- Opening Delimiter -

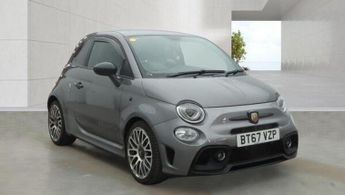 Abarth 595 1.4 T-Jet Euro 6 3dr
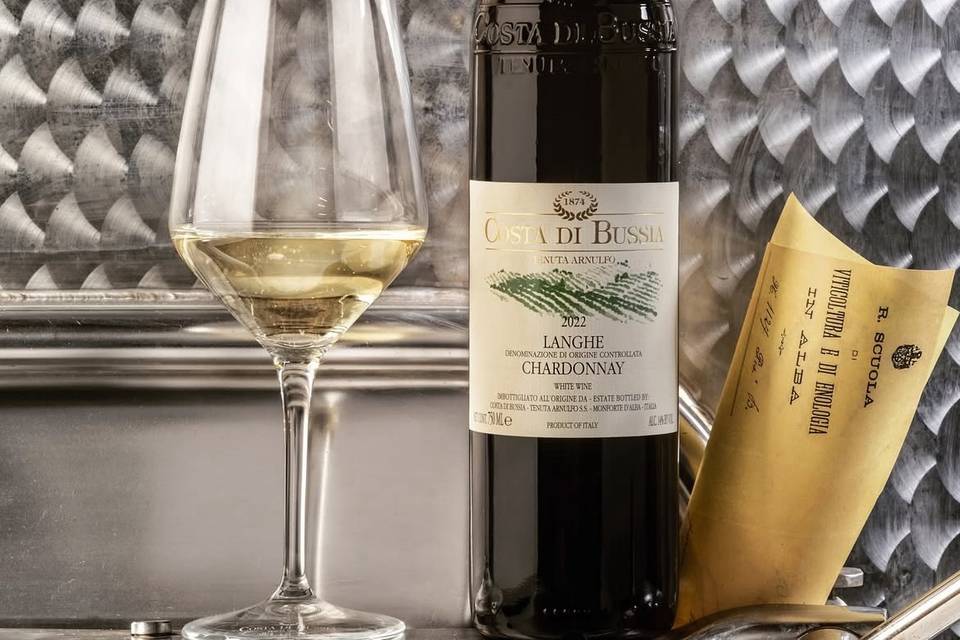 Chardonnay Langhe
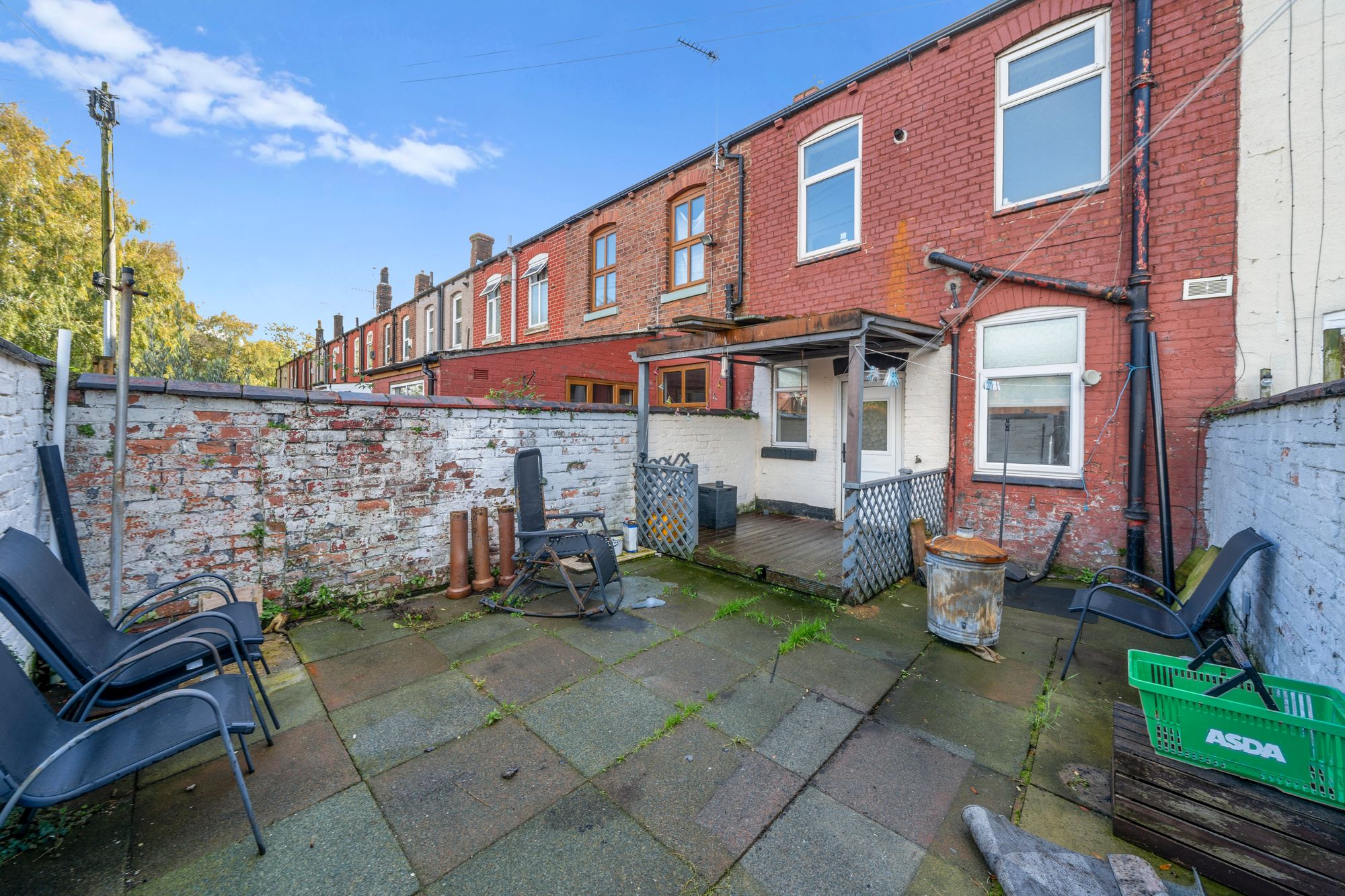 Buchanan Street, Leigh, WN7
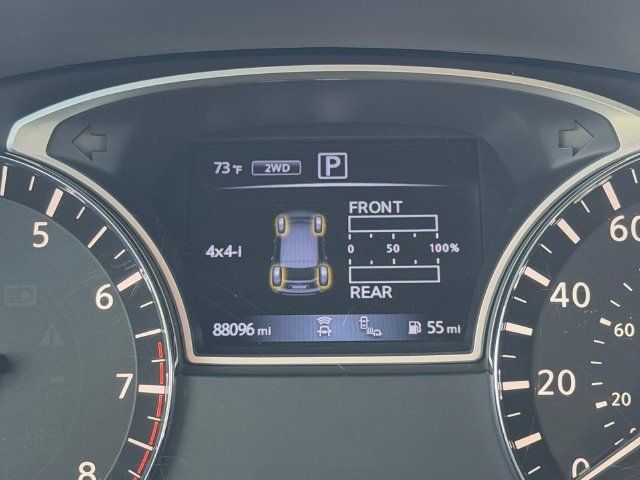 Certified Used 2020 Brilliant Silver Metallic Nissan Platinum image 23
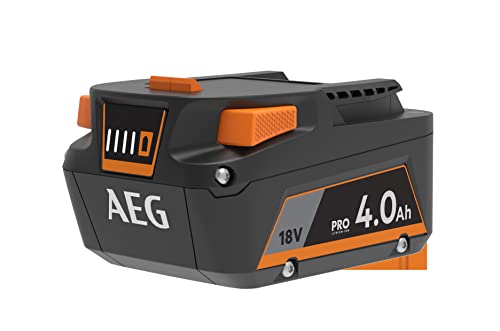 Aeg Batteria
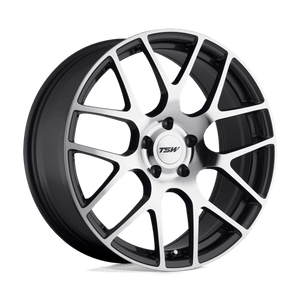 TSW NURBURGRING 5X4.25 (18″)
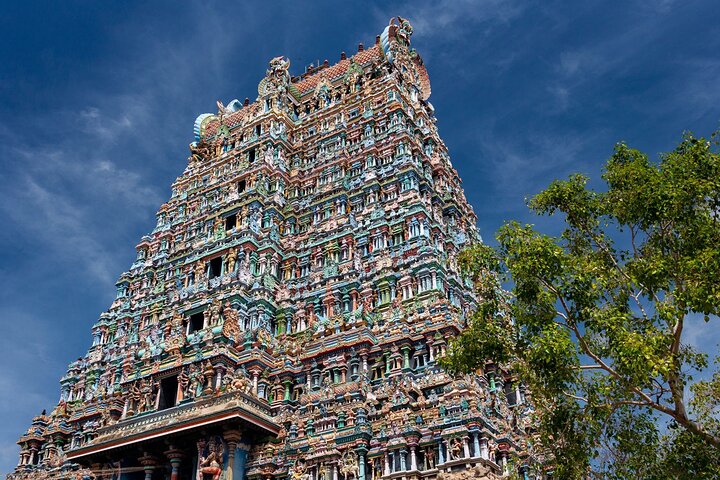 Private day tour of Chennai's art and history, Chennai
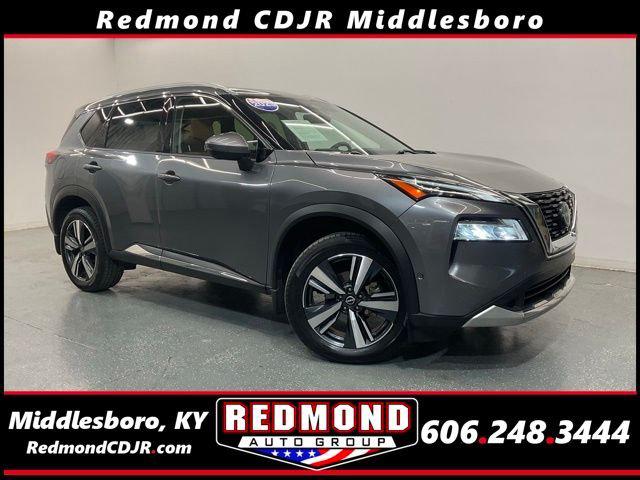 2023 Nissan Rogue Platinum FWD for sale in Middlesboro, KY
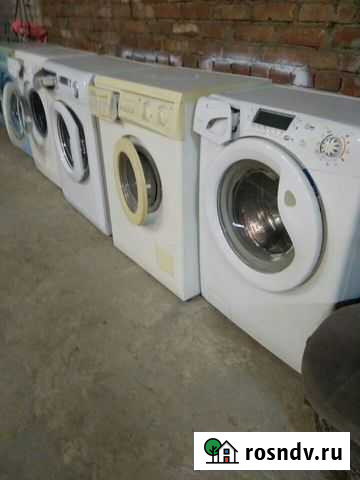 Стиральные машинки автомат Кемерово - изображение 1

- Closing Delimiter -

What is expected: All lines of the listing must be given again exactly, excluding the pictures.

Answer to this exercise:
 Abarth 595 1.4 T-Jet Euro 6 3dr
 Chardonnay Langhe
 Buchanan Street, Leigh, WN7
 Certified Used 2020 Brilliant Silver Metallic Nissan Platinum image 23
 Aeg Batteria
 TSW NURBURGRING 5X4.25 (18″)
 Private day tour of Chennai's art and history, Chennai
 2023 Nissan Rogue Platinum FWD for sale in Middlesboro, KY
 Стиральные машинки автомат Кемерово - изображение 1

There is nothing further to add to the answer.